Spurrier offers high school band member:

http://rivals.yahoo.com/ncaa/football/blog/dr_saturday/post/Just-what-every-football-coach-in-America-wants-?urn=ncaaf,183312

Mon Aug 17, 2009 1:33 pm EDT

Just what every football coach in America wants: the trumpet player
By Holly Anderson
Steve Spurrier thinks high school senior Ryan Miller can be the man to "lead the University of South Carolina to the SEC championship and the national championship!" Illinois wants to make sure the sought-after recruit knows Coach Zook is having a birthday soon. Frank Beamer would love the kid to drop by Virginia Tech sometime.

The only problem? Ryan Miller's not a football player. Some paper-pusher at a recruiting service that supplies schools with addresses of top prospects has mixed up this Miller, a runner and marching band member, with the actual football-playing Ryan Miller from nearby Erhardt. Via the Palmetto State's paper of record:

"We were as dumbfounded as anyone," says Derek Miller, whose only disappointment in the letters is that his alma mater, Florida State, never showed interest in his son. "Maybe it's because we are naive to the recruiting process."

Still, the Millers have had fun with the recruiting process. Ryan admits to bragging to his friends, particularly those who play football, about the letters he received from Beamer and Illinois coach Ron Zook.
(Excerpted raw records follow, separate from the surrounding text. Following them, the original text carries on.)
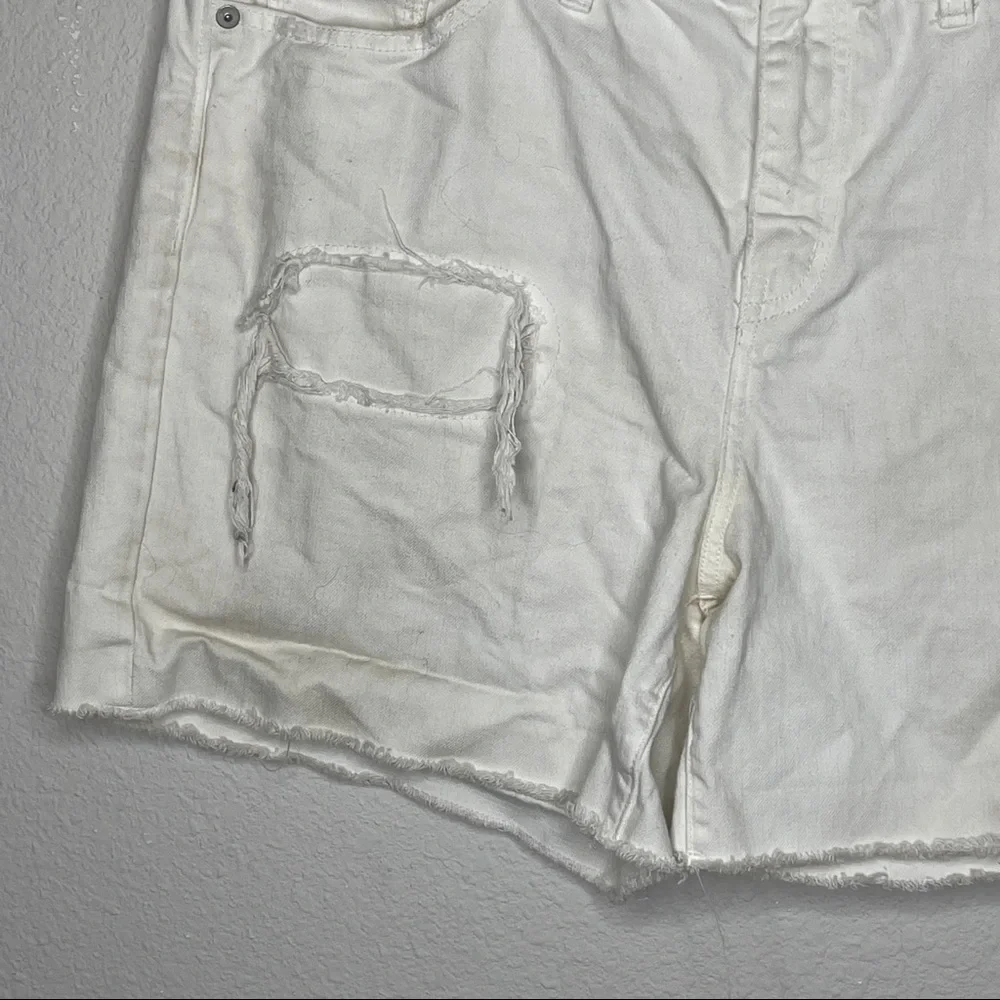 Madewell‎ Destroyed Denim Shorts White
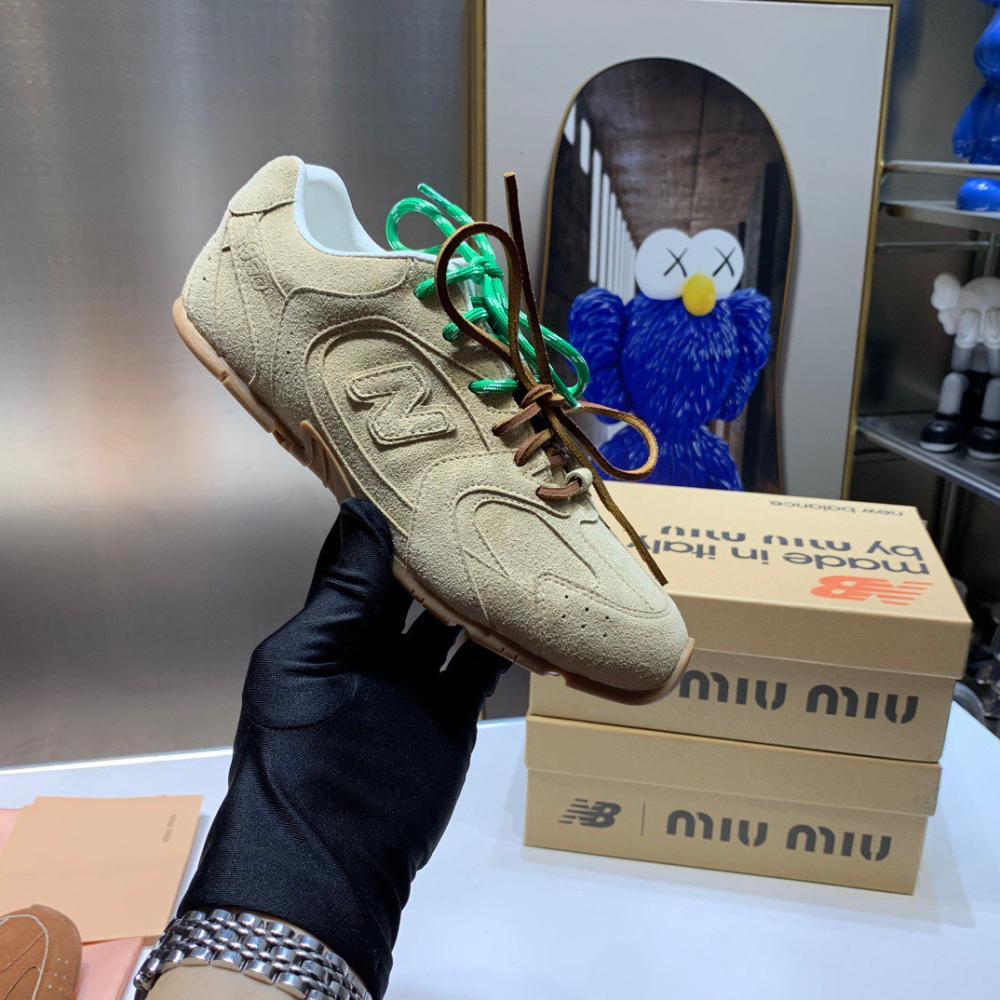 حذاء ماركة Miumiu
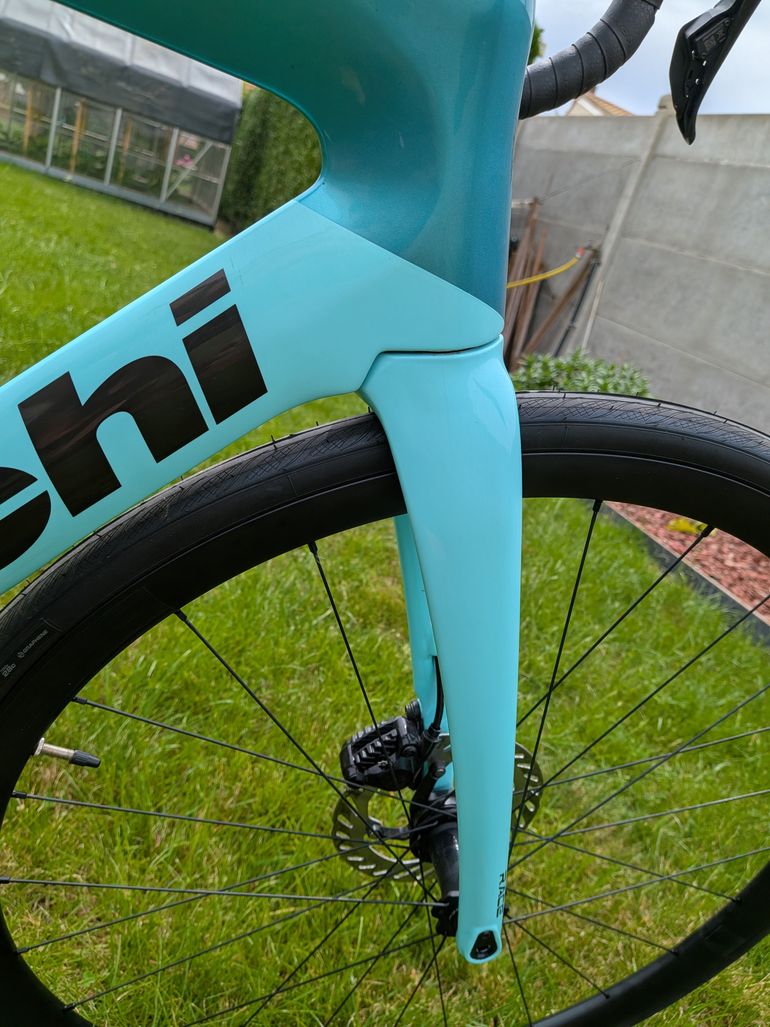 Used Bianchi Oltre Shimano 105 Di2 2026 Road & Gravel, Green — image 7 of 11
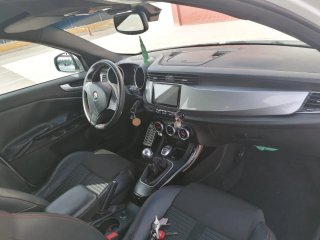 Alfa Romeo Giulietta 2011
As a former symphony nerd, I can attest that marching band two-a-days are a brutal affair, and that trumpet players like Miller are typically regarded in that social hierarchy as the jocks of the musical set, if that makes any sense. (As opposed to those paintywaist clarinetists.) But be that as it may: Miller apparently had the good grace not to let things go as far as they might have, which is kind of a shame -- there was genuine potential here for subversive hilarity, in the fine spirit of American Pie-style teenage hijinks: Imagine a pock-faced, 165-pound dweeb with nothing going for him suddenly stringing along high-profile athletic departments, sampling the high life with the likes of Willie Williams and Jamarkus McFarland, extracting promises from the more ethically questionable recruiters, indulging the advances of duly impressed cheerleaders before realizing the equally unpopular but subtly cute flutist has really been the girl for him all along and finally ending the charade with none of the sad, disturbing ramifications of the Kevin Hart affair. That's one signing day press conference I'd pay to see.